D Wiki

Yigal Chripun yigal100 at gmail.com
Tue Jun 9 13:08:19 PDT 2009


BCS wrote:
> Hello Yigal,
> 
>> Daniel Keep Wrote:
>>
>>> yigal chripun wrote:
>>>
>>>> Daniel Keep Wrote:
>>>>
>>>>> Yigal Chripun wrote:
>>>>>
>>>>>> ...
>>>>>>
>>>>>> 1) A CMS - depends on what package you choose but some are very
>>>>>> good at organization of content
>>>>>>
>>>>> A wiki *is* a CMS.
>>>>>
>>>> no. I meant a CMS like joomla or something in that category.
>>>>
>>> What's the quantifiable difference?  The only one I can think of is
>>> that CMSes are designed for closed-authorship sites (you have to
>>> register and be approved) whereas Wikis are the other way around.
>>> But since you can change that, it doesn't seem like a reason to have
>>> a CMS, especially since we *want* an open-authorship site.
>>>
>> the difference is in the UI (which a wiki doesn't provide) and the
>> format used, i.e. not some wiki format.
>>
> 
> One major *advantage* of wikies is that the UI is a browser. If I need 
> to install anything (even a plugin, and lets pretend I don't have flash 
> already) I'm not going to be contributing anything.
> 

no. wikies are text based and have *NO* UI.
the flash widget was, as you said, "if all else fails" and we do not 
need to go to that extreme.

why is a standards based rich text editor so hard to envision? are we 
considering supporting all browsers since explorer 1.0 and that's why 
it's so hard?

IMO, this is doable.

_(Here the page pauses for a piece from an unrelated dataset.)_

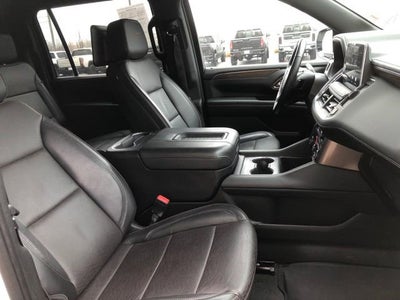 2023 Chevrolet Suburban High Country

I am able to compose rich text messages in gmail 
without the need to learn some obscure wiki format. so maybe gmail 
doesn't provide support for all possible combinations of html tags but 
neither is the wiki format.

all i'm trying to say is that it's more productive IMO to try to fix the 
few problems that the current rich text editors have (according to other 
people's replies) than to give up and just use the wrong design.